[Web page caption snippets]
^^^^^^^^^^^^^^^^

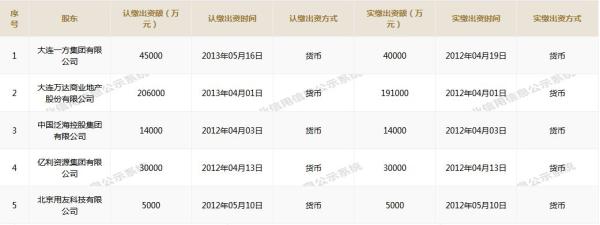 万达退出200亿投资长白山度假区：已无股权，仍负责运营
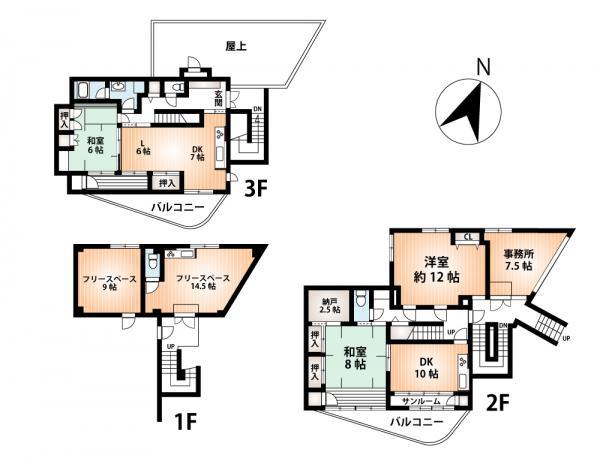 Floor plan. 48,800,000 yen, 7LDK+S, Land area 231.68 sq m , Building area 201.71 sq m how to use various, Unique floor plan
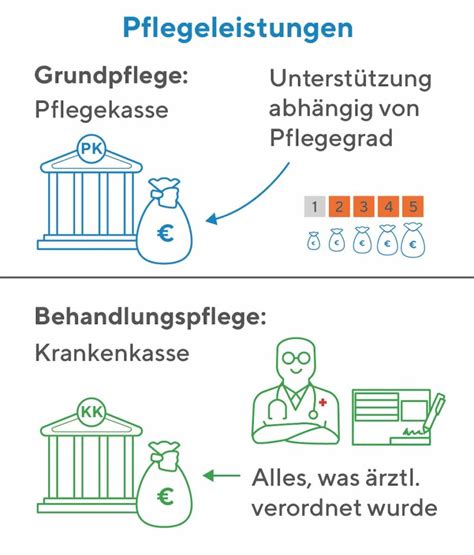 Zusammentreffen von pflegeleistungen der pflegekasse und der bg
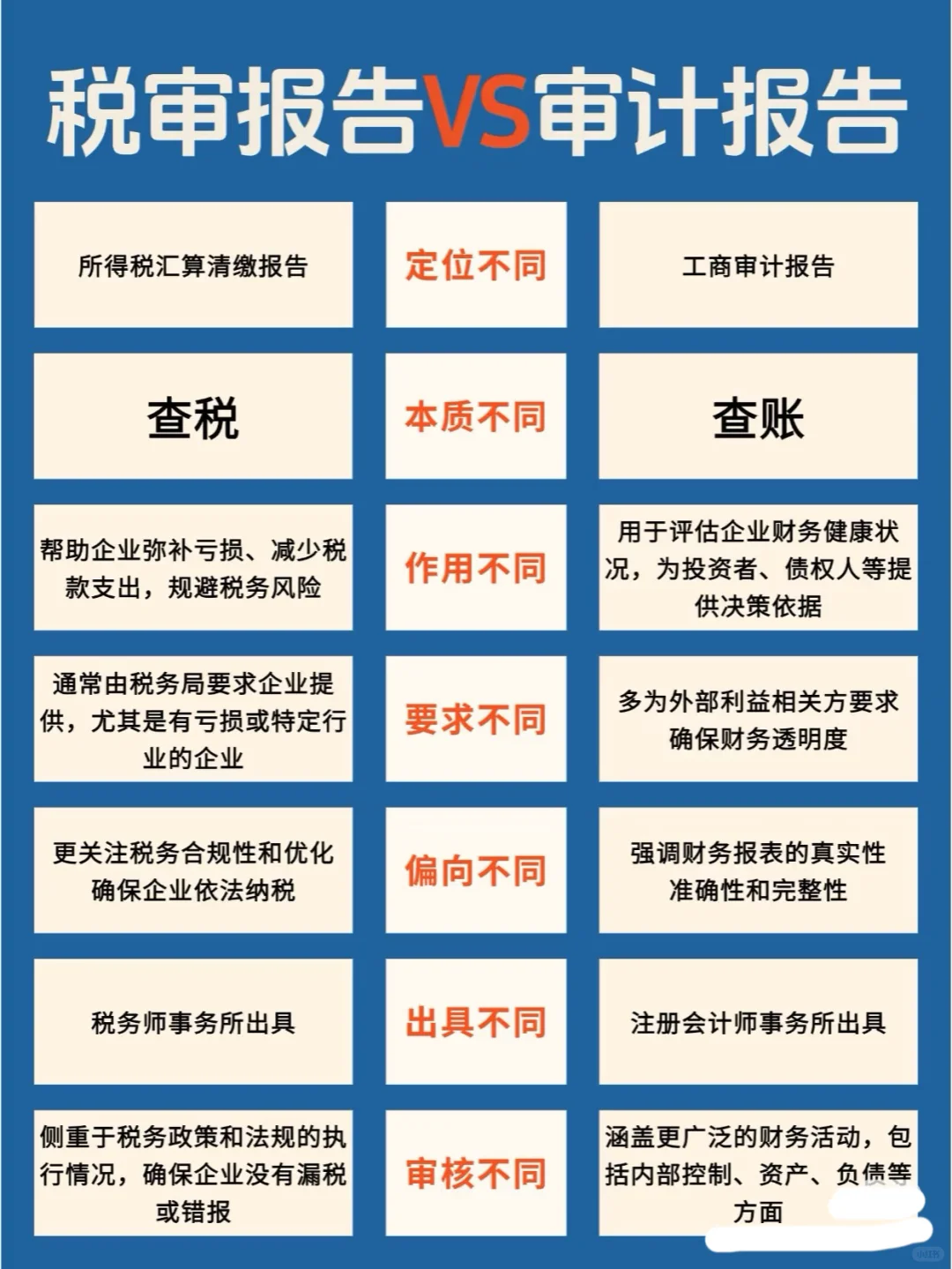 审计和税审的区别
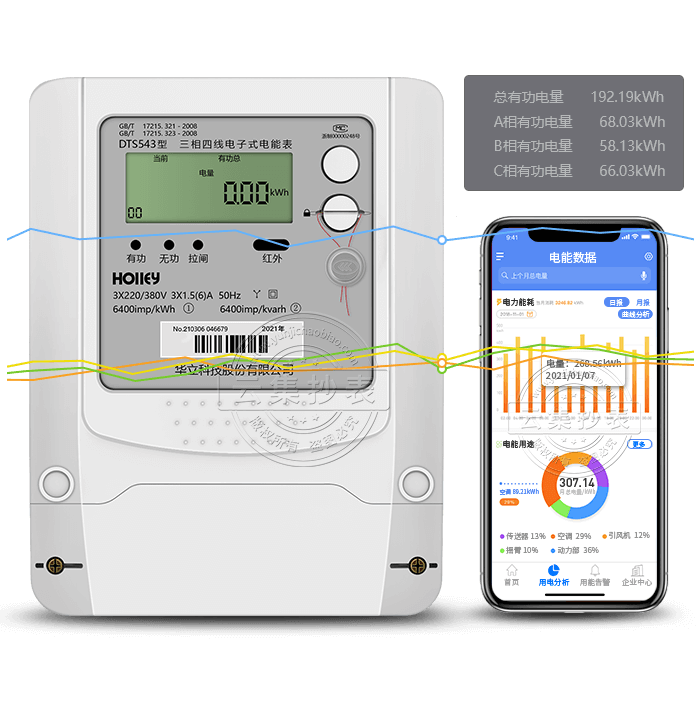 �����A��DTS543�����ľ����ʽ��ܱ�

^^^^^^^^^^^^^^^^

[TASK ITEM] Copy every line of the data word for word, omitting the images.

[TASK ANSWER]
 万达退出200亿投资长白山度假区：已无股权，仍负责运营
 Floor plan. 48,800,000 yen, 7LDK+S, Land area 231.68 sq m , Building area 201.71 sq m how to use various, Unique floor plan
 Zusammentreffen von pflegeleistungen der pflegekasse und der bg
 审计和税审的区别
 �����A��DTS543�����ľ����ʽ��ܱ�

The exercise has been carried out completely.